RECORDS SHOWN -

+++

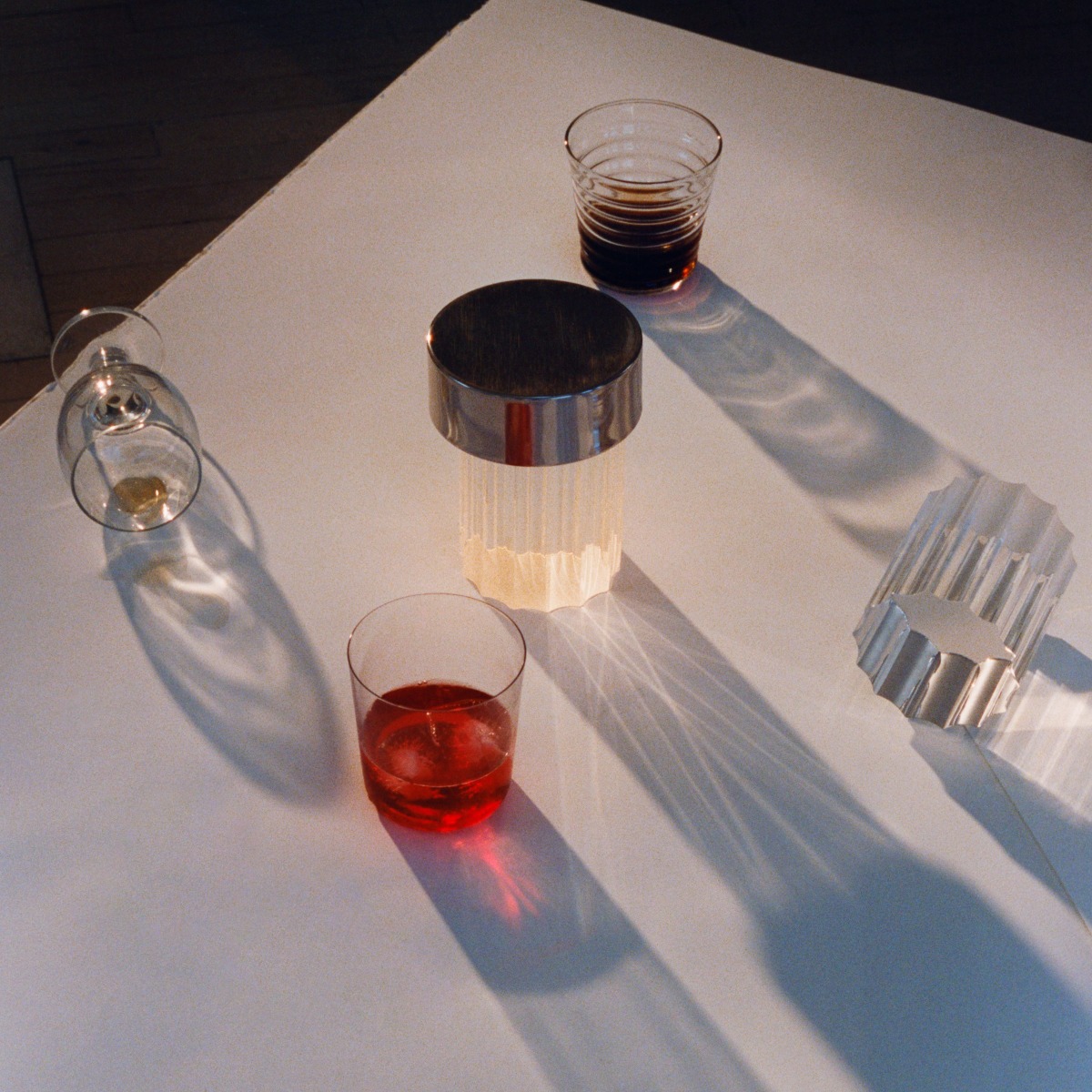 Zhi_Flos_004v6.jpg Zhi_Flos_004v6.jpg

+++

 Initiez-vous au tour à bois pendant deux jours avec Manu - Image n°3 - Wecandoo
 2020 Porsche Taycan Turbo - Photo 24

+++

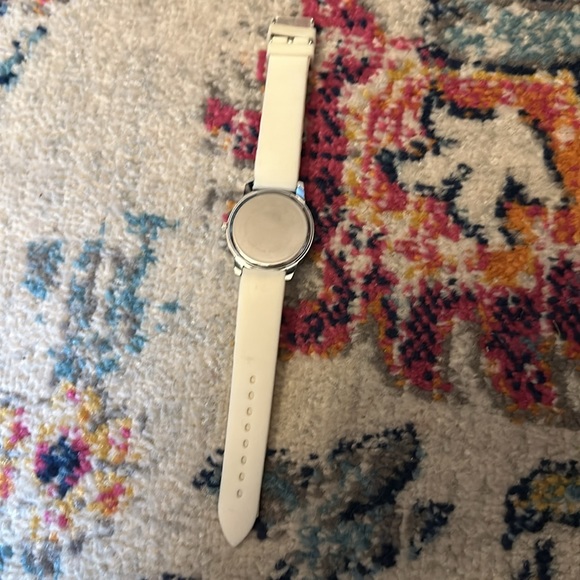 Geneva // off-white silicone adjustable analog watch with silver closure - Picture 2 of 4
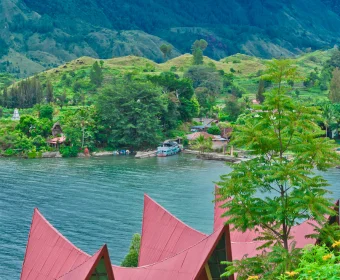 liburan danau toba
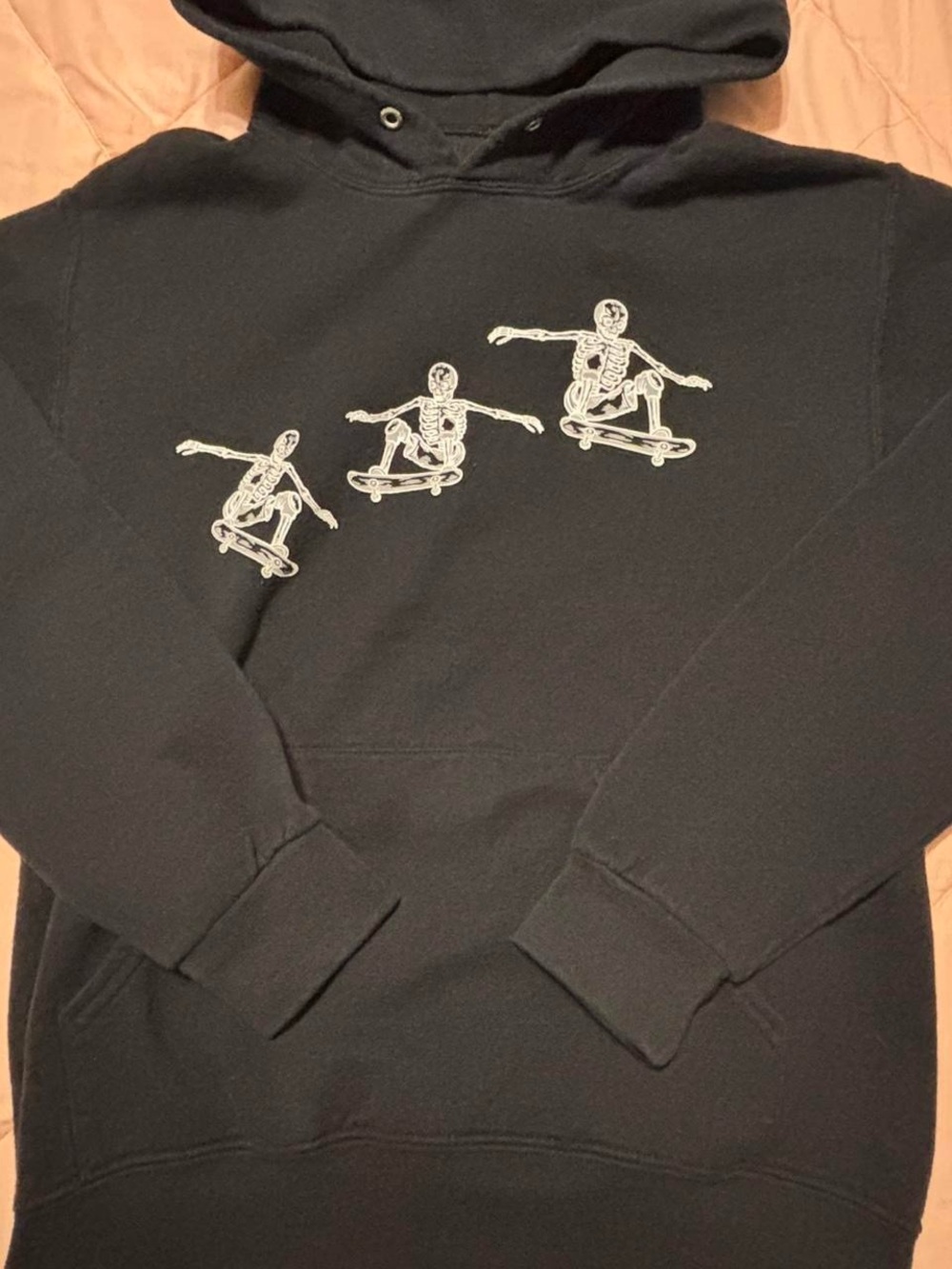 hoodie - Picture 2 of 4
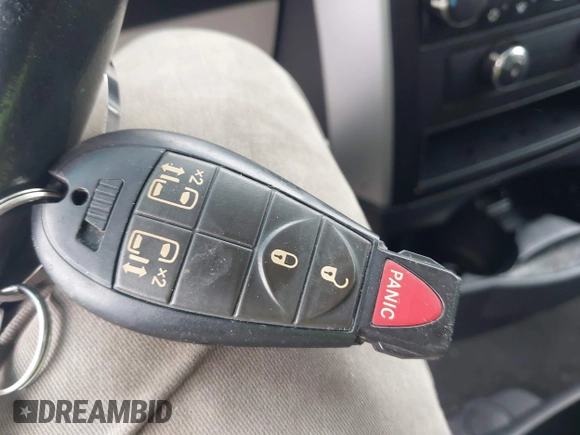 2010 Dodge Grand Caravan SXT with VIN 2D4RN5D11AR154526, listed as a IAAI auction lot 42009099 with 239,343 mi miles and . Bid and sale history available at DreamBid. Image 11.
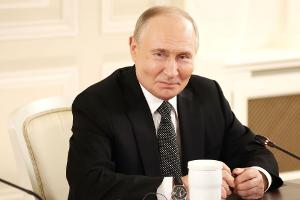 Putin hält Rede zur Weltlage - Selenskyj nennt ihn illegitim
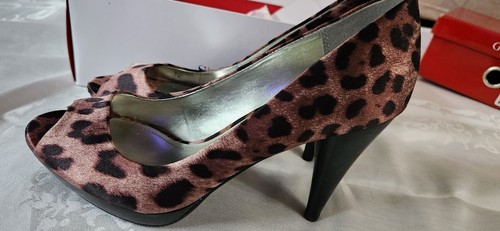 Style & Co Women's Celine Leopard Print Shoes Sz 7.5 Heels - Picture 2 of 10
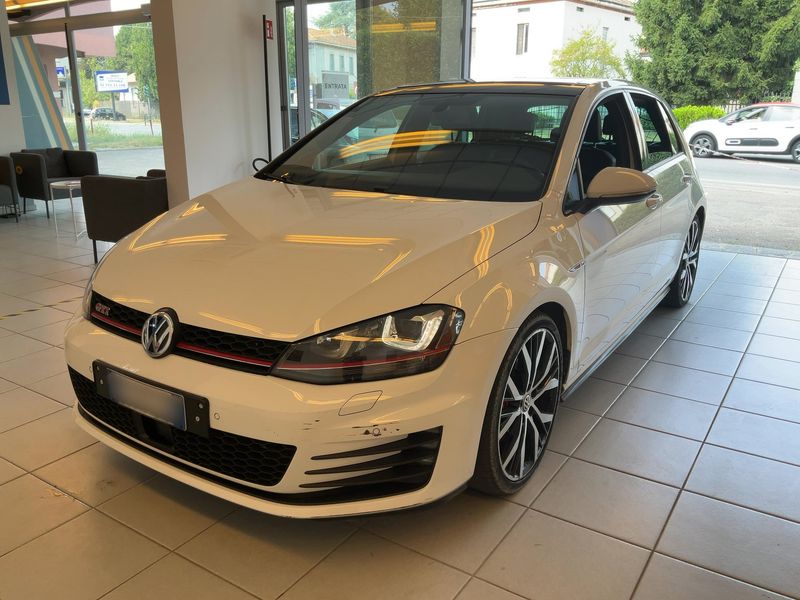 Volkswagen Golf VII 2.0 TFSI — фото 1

+++

TASK BRIEF -
Print the line above containing "Style & Co Women's", the line containing "Volkswagen Golf VII 2.0 TFSI — фото 1", and everything between them, exactly as written. Pictures stay out.

SOLUTION FOR THIS PROBLEM -
 Style & Co Women's Celine Leopard Print Shoes Sz 7.5 Heels - Picture 2 of 10
 Volkswagen Golf VII 2.0 TFSI — фото 1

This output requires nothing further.